If this belief in her own power should appear to be somewhat arrogant, let it be remembered that she had set herself hard tasks before now, and had performed them. Would the new furnace through which she was to pass be more terrible than the old fires? She had gone to God's altar with a man for whom she had no more love than she felt for the lowest or most insignificant of the miserable sinners in her father's flock. She had sworn to honour and obey him, meaning at least faithfully to perform that portion of her vow; and on the night before her loveless bridal she had grovelled, white, writhing, mad, and desperate, upon the ground, and had plucked out of her lacerated heart her hopeless love for another man.

Yes; she had done this. Another woman might have spent that bridal eve in vain tears and lamentations, in feeble prayers, and such weak struggles as might have been evidenced by the destruction of a few letters, a tress of hair, some fragile foolish tokens of a wasted love. She would have burnt five out of six letters, perhaps, that helpless, ordinary sinner, and would have kept the sixth, to hoard away hidden among her matrimonial trousseau; she would have thrown away fifteen–sixteenths of that tress of hair, and would have kept the sixteenth portion,––one delicate curl of gold, slender as the thread by which her shattered hopes had hung,––to be wept over and kissed in the days that were to come. An ordinary woman would have played fast and loose with love and duty; and so would have been true to neither.

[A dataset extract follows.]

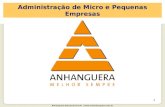 Anhanguera Educacional S.A. |  1 Administração de Micro e Pequenas Empresas.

But Olivia Arundel did none of these things. She battled with her weakness as St George battled with the fiery dragon. She plucked the rooted serpent from her heart, reckless as to how much of that desperate heart was to be wrenched away with its roots. A cowardly woman would have killed herself, perhaps, rather than endure this mortal agony. Olivia Arundel killed more than herself; she killed the passion that had become stronger than herself.

"Alone she did it;" unaided by any human sympathy or compassion, unsupported by any human counsel, not upheld by her God; for the religion she had made for herself was a hard creed, and the many words of tender comfort which must have been familiar to her were unremembered in that long night of anguish.

It was the Roman's stern endurance, rather than the meek faithfulness of the Christian, which upheld this unhappy girl under her torture. She did not do this thing because it pleased her to be obedient to her God. She did not do it because she believed in the mercy of Him who inflicted the suffering, and looked forward hopefully, even amid her passionate grief, to the day when she should better comprehend that which she now saw so darkly. No; she fought the terrible fight, and she came forth out of it a conqueror, by reason of her own indomitable power of suffering, by reason of her own extraordinary strength of will.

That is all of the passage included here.